La Chine est le pays le plus riche, le plus complexe et le plus chaotique du monde. Le chaos qui y règne dépasse ce que décrivent les romanciers actuels, tels Mo Yan (la Dure Loi du Karma, Seuil, 2009), Yu Hua (Brothers, Actes Sud, 2008) ou moi. Dans ma région natale, des jeunes gens boivent toute la journée. Puis ils cherchent à s'occuper et tout ce qu'ils trouvent à faire, c'est tabasser des vieillards. Ce n'est pas simplement parce que les gens s'ennuient à la campagne ou qu'ils manquent de perspectives, c'est l'illustration du chaos. Chaque Chinois ou presque a dans le coeur quelque chose qui est sur le point d'exploser. C'est dû aux inégalités inouïes entre les riches et les pauvres, les citadins et les paysans, le Nord et le Sud. De plus, en raison notamment du manque de démocratie, chacun a le sentiment d'être ligoté, oppressé, de ne pouvoir se libérer de liens invisibles. Moi, je sais qu'on m'a ligoté, c'est pour cela que j'écris. Mais la plupart des gens ne s'en rendent pas compte. C'est très complexe, je n'arrive pas à l'exprimer autrement que par des récits imaginaires, mais c'est de l'ordre d'une grande peur. Tout le monde, les cadres du Parti comme les gens du peuple, éprouve cette peur. On a l'impression que quelque chose d'énorme va arriver, une catastrophe. Les Chinois sont habitués aux catastrophes, c'est notre histoire...
La censure, qui vous frappe un livre sur deux, est-elle un facteur de dépression ?
J'ai écrit huit romans, soixante-cinq récits et de nombreux textes plus courts, pour la plupart édités dans de nombreux pays. Servir le peuple et la Chute du soleil n'ont pas été publiés en Chine, le Rêve du village des Ding a été publié mais pas diffusé, ce qui revient au même. Bons Baisers de Lénine a été publié. J'ai obtenu quelques prix littéraires, mais ce qu'on dit de moi dans la presse officielle, la seule en Chine, est toujours négatif. Je n'ai pas de retours directs des lecteurs, sinon d'étudiants obligés à lire mes livres par leurs professeurs.

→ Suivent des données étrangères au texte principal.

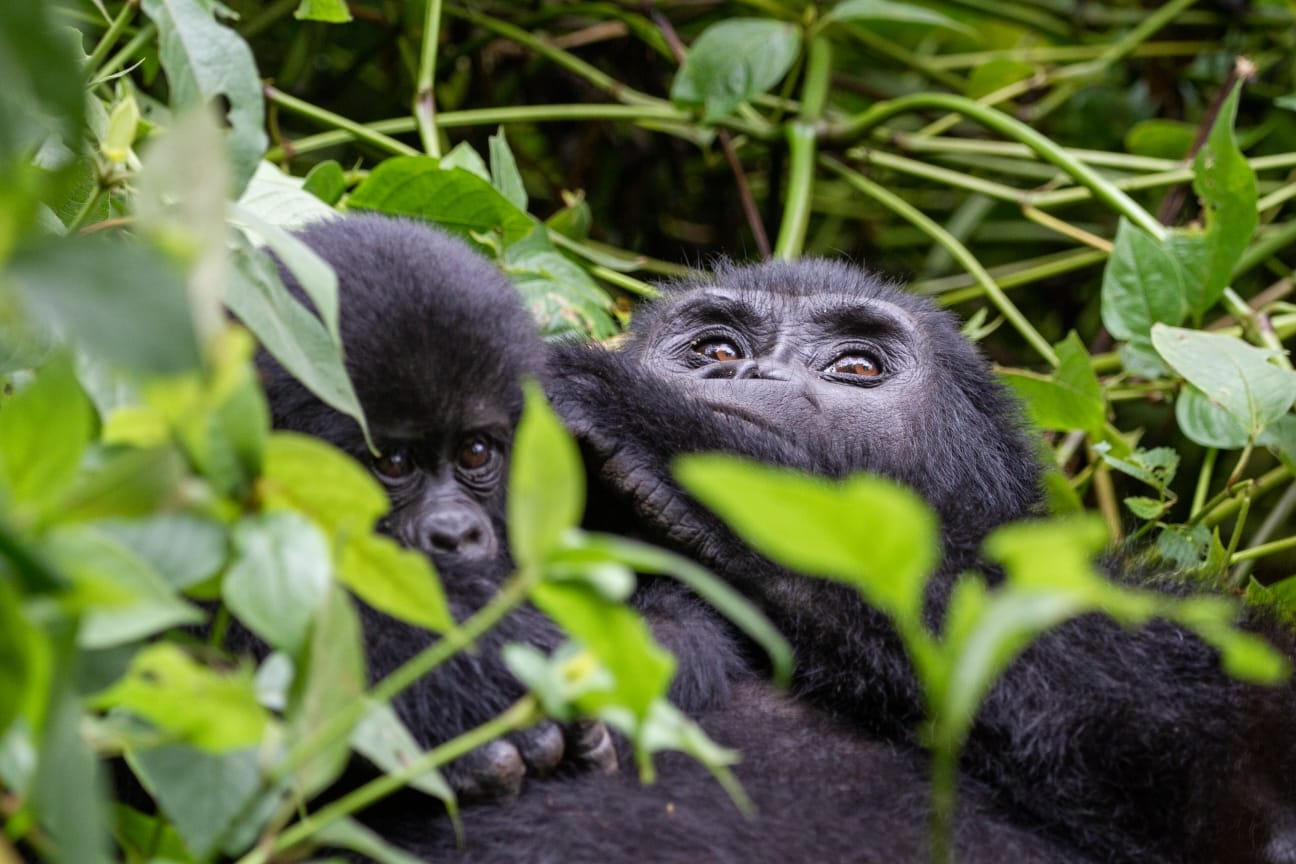 Beim Gorilla Trekking im Bwindi Forest bist du ganz nah bei einer Gorilla Familie.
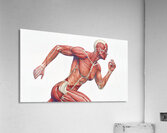Power in Motion — Female Runner Muscular Anatomy Acrylic Print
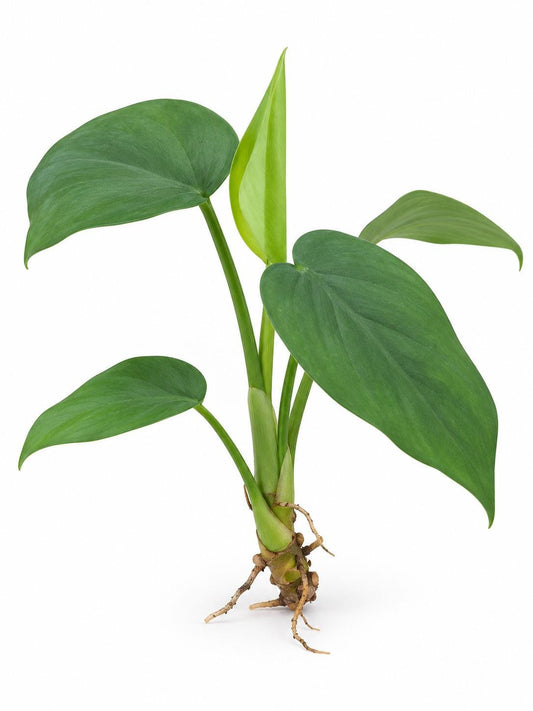 Philodendron Frits-wentii cutting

Il me semble que les gens, surtout les jeunes, lisent beaucoup en Chine, mais des choses faciles, des best-sellers comme le Totem du loup, qui s'est vendu à trois millions d'exemplaires. Moi, je suis souvent censuré, et je n'ai pas la recette du succès. On me lit peu dans mon pays, mais cela ne me dérange pas vraiment.
Vous avez dénoncé dans un précédent livre (Feng Ya Song, «Elégie», non traduit en français) la «lâcheté» des intellectuels chinois...
Là aussi, j'ai adopté le mode humoristique, c'est ma façon d'exprimer les choses les plus graves car je suis moi-même très sombre. Le roman décrit des intellectuels qui ont fui la réalité pour se réfugier, encore une fois, dans un paradis imaginaire. C'est ce qui se passe en Chine : la plupart des artistes, enseignants, écrivains, refusent de parler du réel. C'est pourtant leur devoir de témoigner, de traduire des faits dérangeants, la littérature ne doit pas s'éloigner de l'histoire. Il y a quelques exceptions cependant : Mo Yan et Yu Hua, que j'ai déjà cités, et aussi Wang Anyi qui a écrit l'Epoque des Lumières[non traduit, ndlr] sur la Révolution culturelle. Il y a cinq ans, leurs oeuvres n'avaient pas le succès qu'elles connaissent aujourd'hui. On peut parler d'une nouvelle génération d'écrivains dans laquelle je me reconnais.